Dataset extract =>

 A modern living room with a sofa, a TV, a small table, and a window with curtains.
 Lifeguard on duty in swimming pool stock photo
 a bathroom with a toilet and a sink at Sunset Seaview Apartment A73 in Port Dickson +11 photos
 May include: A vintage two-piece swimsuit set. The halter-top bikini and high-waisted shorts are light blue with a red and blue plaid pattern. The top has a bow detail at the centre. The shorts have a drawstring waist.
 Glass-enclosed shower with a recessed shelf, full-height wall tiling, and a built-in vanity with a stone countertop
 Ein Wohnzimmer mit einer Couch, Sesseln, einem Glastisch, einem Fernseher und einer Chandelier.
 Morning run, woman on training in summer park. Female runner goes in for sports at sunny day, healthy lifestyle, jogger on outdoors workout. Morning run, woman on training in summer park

Task to complete =>
Copy out the entries in full, exactly as they appear.

Your response =>
 A modern living room with a sofa, a TV, a small table, and a window with curtains.
 Lifeguard on duty in swimming pool stock photo
 a bathroom with a toilet and a sink at Sunset Seaview Apartment A73 in Port Dickson +11 photos
 May include: A vintage two-piece swimsuit set. The halter-top bikini and high-waisted shorts are light blue with a red and blue plaid pattern. The top has a bow detail at the centre. The shorts have a drawstring waist.
 Glass-enclosed shower with a recessed shelf, full-height wall tiling, and a built-in vanity with a stone countertop
 Ein Wohnzimmer mit einer Couch, Sesseln, einem Glastisch, einem Fernseher und einer Chandelier.
 Morning run, woman on training in summer park. Female runner goes in for sports at sunny day, healthy lifestyle, jogger on outdoors workout. Morning run, woman on training in summer park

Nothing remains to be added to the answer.